Rev. Mahtani writes, “God gives us time for leisure.”  The Lord made the beautiful creation, the birds,  fields, mountains, flowers, that we may enjoy them in  a leisurely stroll or garden work. The Lord “gives His  beloved sleep,” in which restful sleep we do not at all  think about reality but “escape” it. He gives us six days  to labor, and the seventh to “rest.” God gives us wine  “to make the hearts of men merry.” He enjoins us to  “enjoy the fruit of our labors.”

All these amusements are to be used in the service of  God. “Do all for the glory of God,” even playing video  games. How do we do this? While one way is certainly  that it glorifies God when we enjoy the good things He  has gifted us with, I’d like to point out another aspect,  in connection with which Rev. Mahtani writes, “diversions  as reprieve from the difficult realities of life are  not necessarily sin…in measure, we may receive them.” I believe we can go a step further: such diversions are  even necessary in the Christian life.

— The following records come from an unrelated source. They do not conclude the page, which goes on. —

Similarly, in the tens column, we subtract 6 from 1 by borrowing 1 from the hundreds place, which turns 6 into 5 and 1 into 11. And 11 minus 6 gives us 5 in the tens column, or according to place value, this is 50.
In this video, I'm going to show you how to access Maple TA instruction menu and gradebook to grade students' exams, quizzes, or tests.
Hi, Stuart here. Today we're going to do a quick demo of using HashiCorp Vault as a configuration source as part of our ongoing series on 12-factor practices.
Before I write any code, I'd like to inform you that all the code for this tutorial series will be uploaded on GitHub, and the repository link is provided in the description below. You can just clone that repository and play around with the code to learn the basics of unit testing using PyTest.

The wise Christian understands his own weaknesses,  and that traversing through this dry and hot desert of  sin and strenuous labor requires occasional (sometimes  even frequent) refreshing rests at a cool oasis. This required  rest is not only spiritual (praying, Sabbath observance,  etc.) but also physical, emotional, and psychological,  for we belong to our Savior in soul and body. “The  Lord knoweth our frame, that we are dust,” and in His  kindness partly provides ‘amusement’ for it.

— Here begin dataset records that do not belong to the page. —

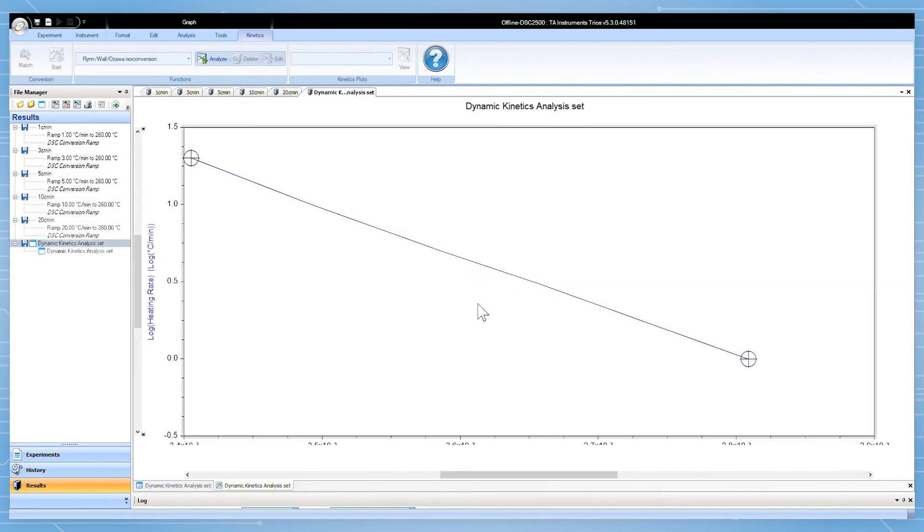This model assumes a first-order reaction. In this case we get a nice straight line from the five experiments, which is a good indication about our data.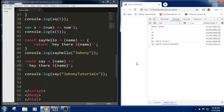This is a basic introduction to arrow functions. In the later sessions we will cover more examples. Thank you.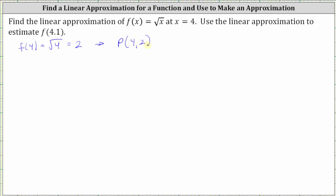Now let's find the slope of the tangent line by evaluating the derivative function at x equals four. First, f of x is equal to the square root of x, which we need to write using a rational exponent in order to find the derivative. Because the exponent on x is one and the index is two, we know the square root of x is equal to x to the power of 1/2.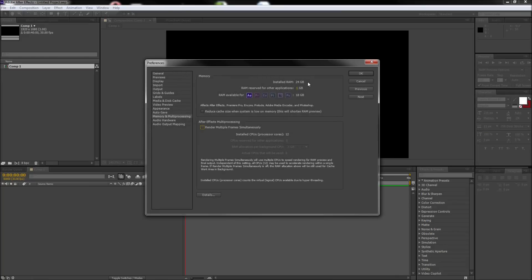In this box, you can see how much RAM you currently have on your computer and how much After Effects is using versus the other programs. Now, if you are only using After Effects, I recommend turning down the RAM reserved for other applications.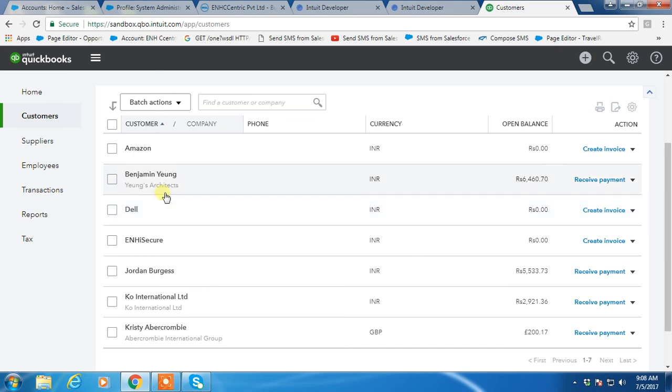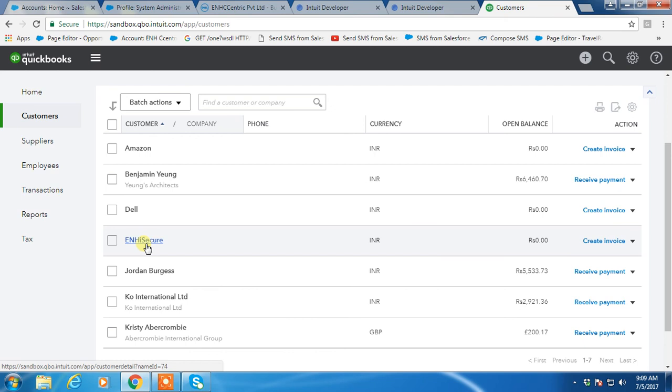Then we will find the new account records, meaning customer records, in QuickBooks. Those are Amazon, Dell, and ENHI Secure. These are all created from Salesforce accounts with the help of Dell Boomi AtomSphere process.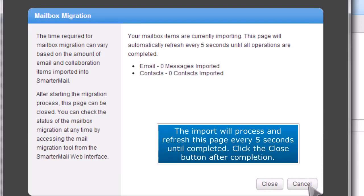The import will process and refresh this page every 5 seconds until completed. Click the Close button after completion.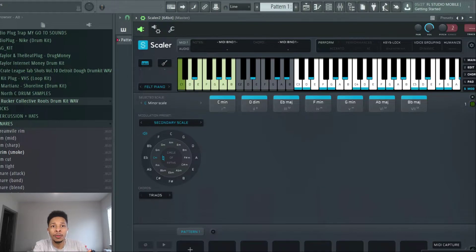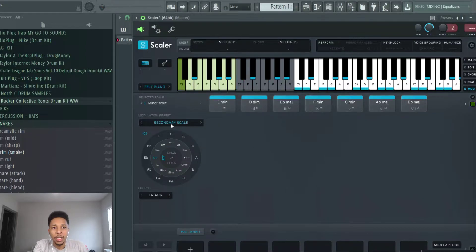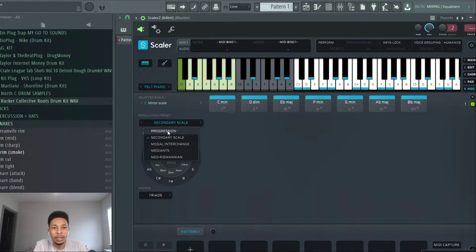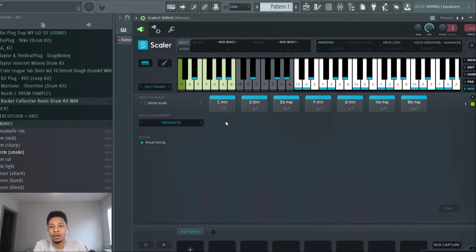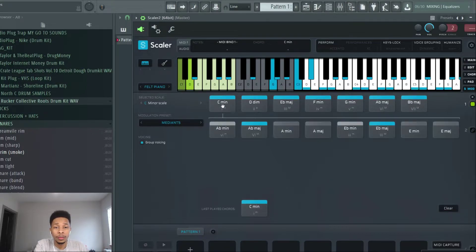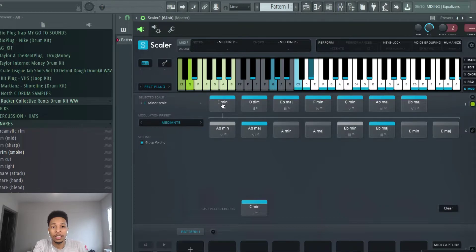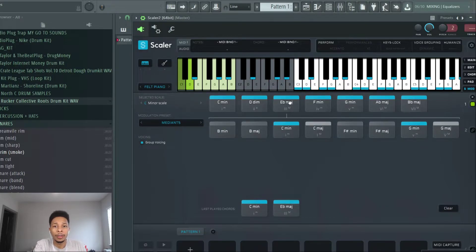Well here's a new technique that we can use in Scaler. I have C minor and what I'm going to do is I'm going to click the modulation preset and I'm going to go to medians. And then I'm just going to click on some chords. I'm going to click on four chords.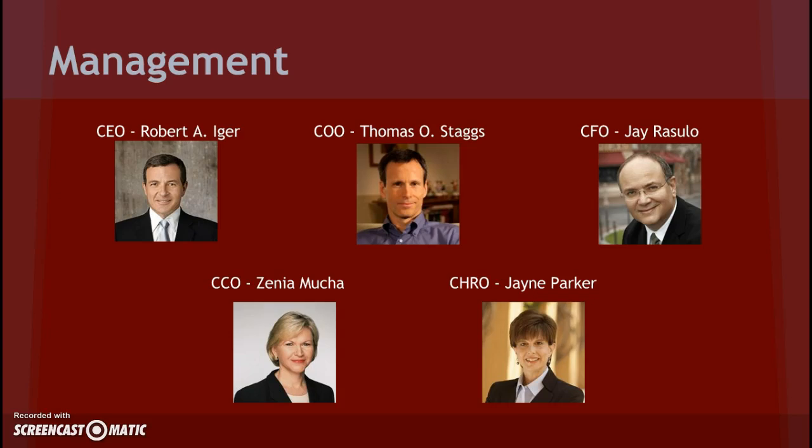Moving on, next we have our management. We're going to talk about some of the big management for the company. First we have Robert A. Iger as CEO. Robert has been with the Walt Disney Company since 1996 as part of their senior management. He has held several management positions within the company and became CEO in 2005.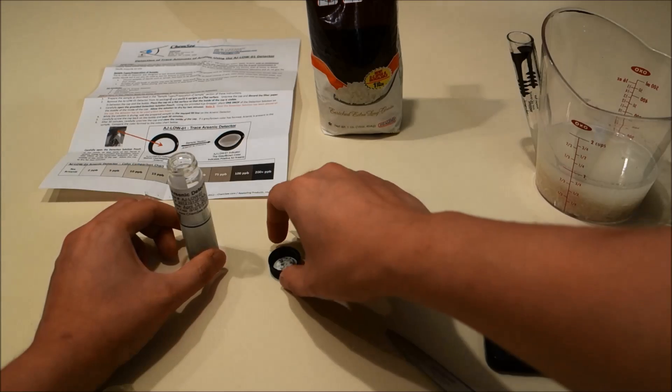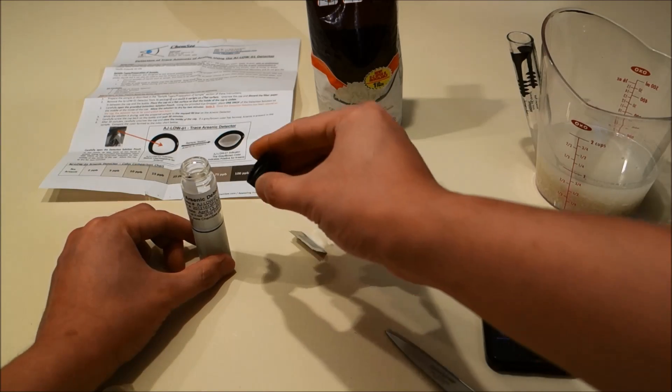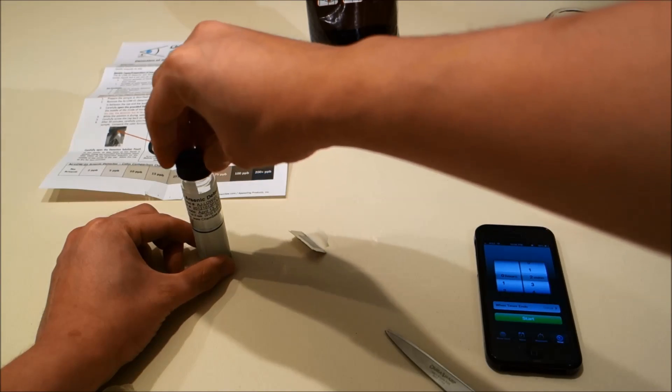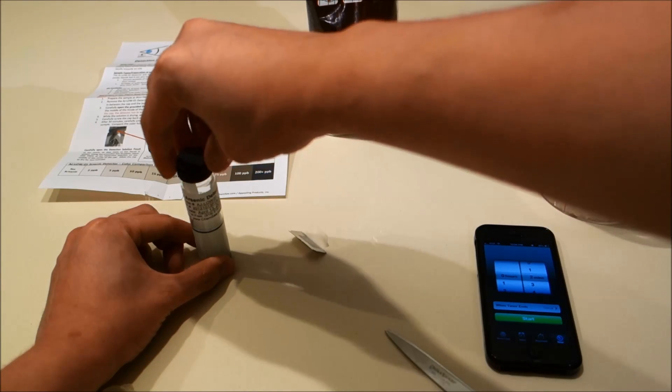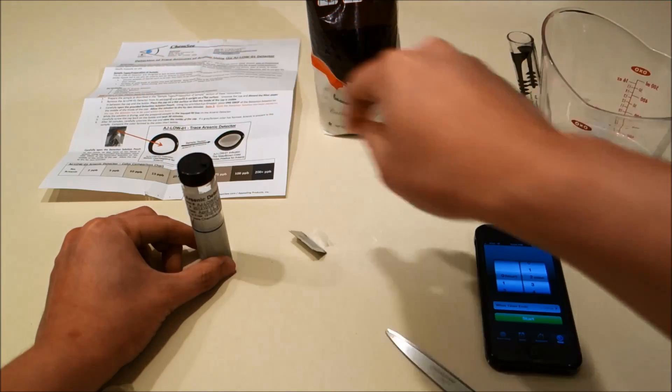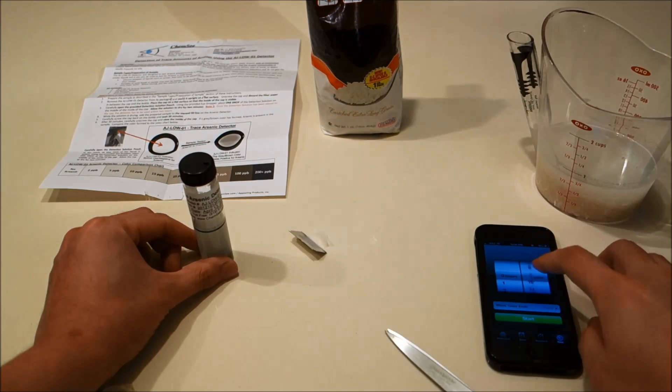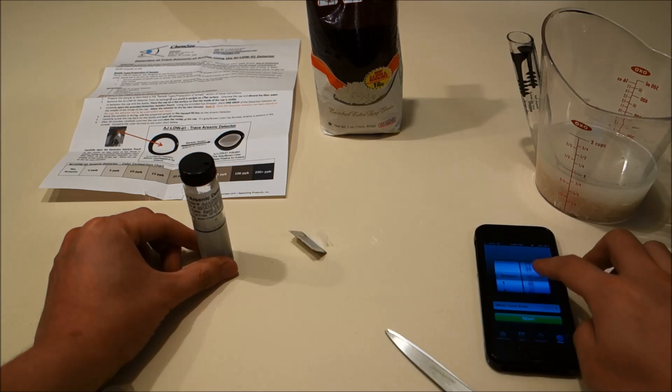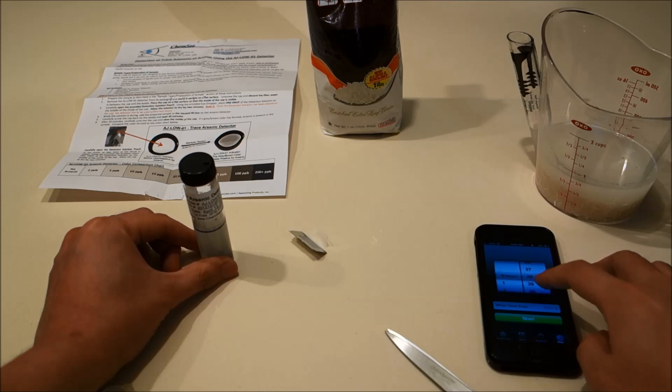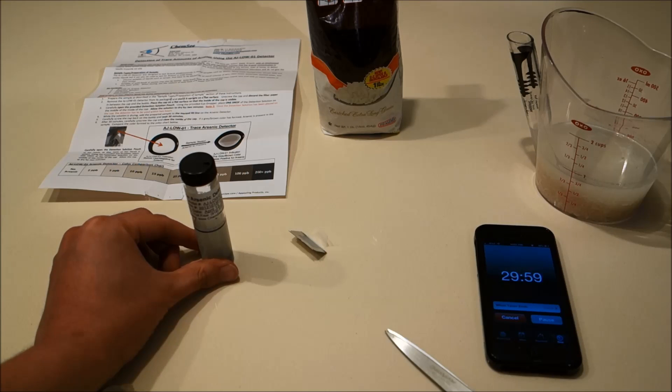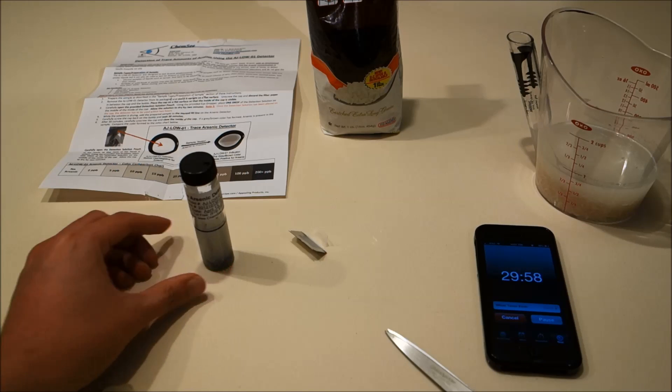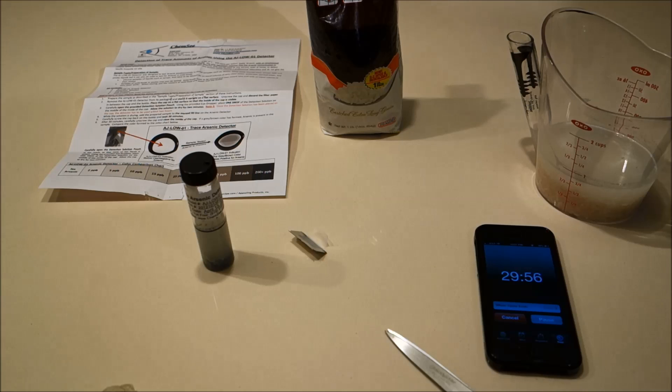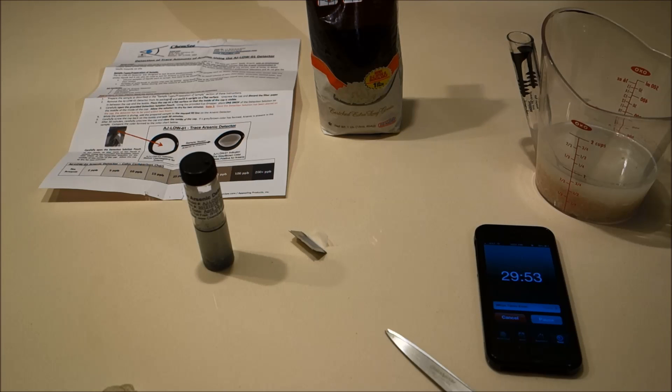Now we're going to screw the detector cap carefully back onto the vial and let that sit for 30 minutes. Now again, it's very important that you do not shake or disturb the vial in any way or the test results will become invalid.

The mother who has a stressful, busy day with her  kids needs regular “downtime” to have a bath and read  good fiction. The minister benefits from team sports  activities where for an hour his mind is immersed in  chasing the ball and physically competing with other  men. And, of course, it is integral to healthy childhood  that children play.

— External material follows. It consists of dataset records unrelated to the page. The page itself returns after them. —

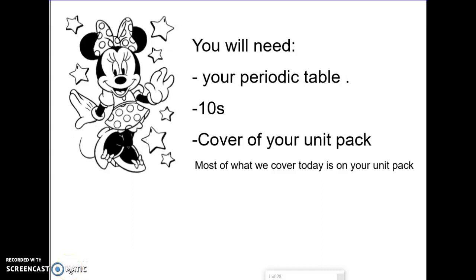Hi folks, today we're going to go over the front of the 10s in this video, and then the next video goes over the back side where most of your homework is. If you can pull out your periodic table and if you've printed the 10s, life is going to be a lot easier. The cover of your unit pack also has a lot of information, so spend a little time looking at it because most of what we go over will be there.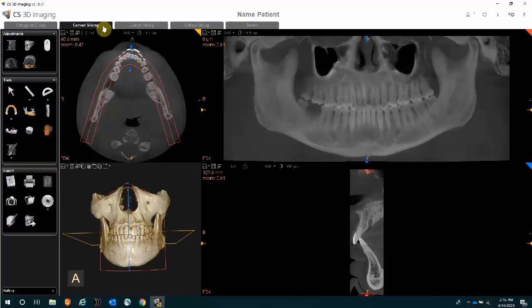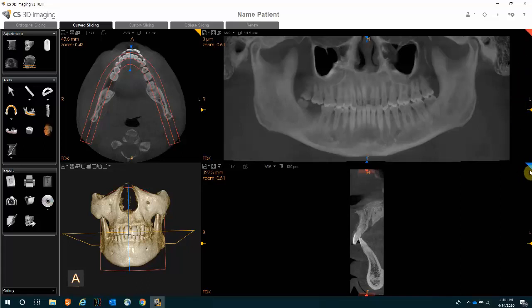Now let's go over the steps on how to find or best find our potential implant site. With the software open in a curved slicing tab, you will notice that the software automatically creates a panoramic view labeled with a red color, and at the same time you have a cross-sectional view labeled with a blue color. You're welcome to use what the software gave you.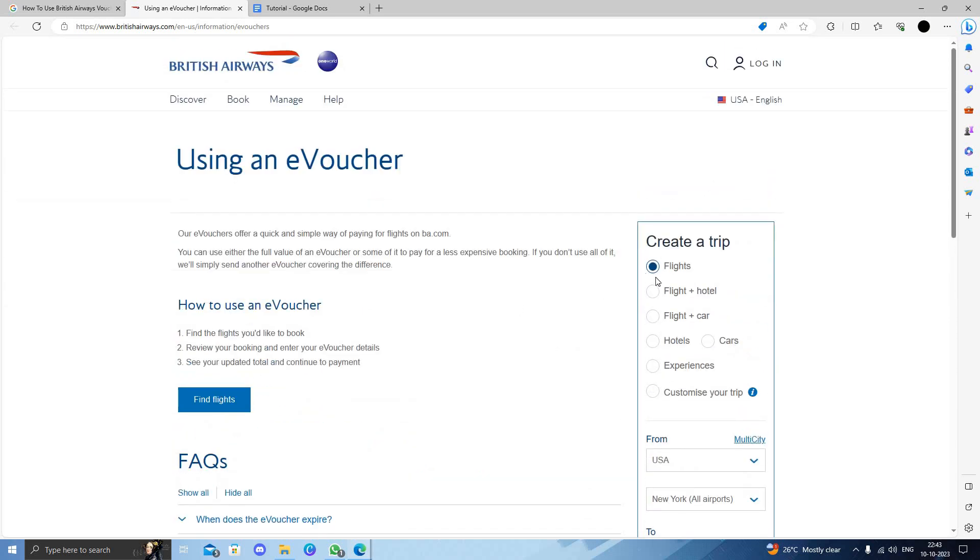From here, to use a voucher you need to find a flight and book it. Then review your booking, enter the voucher, and continue to payment.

Combined with spiritual refreshment, the mother  and minister are then strengthened in both soul and  body (which includes also the mind) to engage again in  the labors of the kingdom.

“Wherefore let him that thinketh he standeth, take  heed lest he fall,” is true also for our approach to  amusement. Beware, lest we think that we are stronger  than we are, and despise the amusement God provides  for us. Christian ministers and men sometimes have a  “burn out.” Sometimes covenant homes become places  of constant shouting and stress. How many of these  situations could have been avoided through a healthy  use of amusement?

Thus, amusement is used by the wise Christian not  as an escape from his Christian duties but as an indispensable  and God-given aid to it. In this way, it is to  be used in a good conscience, to God’s glory. It ought  not merely be tolerated as a necessary evil, or as something  stronger Christians tolerate in weaker Christians.  There is Christian liberty in how much and what kind  of non-sinful amusement is needed, but not in whether  it is needed.

In conclusion, it seems to me a key criteria to help us  Christians properly evaluate and control our (non-sinful)  amusement activities is this: Is our amusement  helping us, or hindering us, from leading godly lives?

Yours in Christ, 
Manuel Kuhs  
Member of the Covenant Protestant Reformed  
Church, Ballymena, Northern Ireland

Thanks for the SB in prison

Dear Standard Bearer,

 I am writing to inform you that you may end my  subscription to your magazine as of October 1, 2021.  This subscription was provided by Trinity PRC [Hudsonville,  MI]. Please extend my thanks to them for this  subscription and the many books that they have sent to  me over the past couple of years.

I would also like to thank you for the many wonderful  articles I have read over the years. They have provided  many insights to some of the teachings of Calvin,  Herman Hoeksema, David Engelsma, Herman Hanko,  etc., just to name a few from the great Reverends from  the PRCA. I do plan on renewing my subscription….

I would like to thank everyone at the Standard Bearer  and PRCA for being willing to reach out to prisoners.  I can’t even begin to tell you how much knowledge I  have gained and how much I have grown. You have  also helped me introduce the Word of God to other men  in the system along with members of my family.

May God the Father continue to bless your church  according to His will.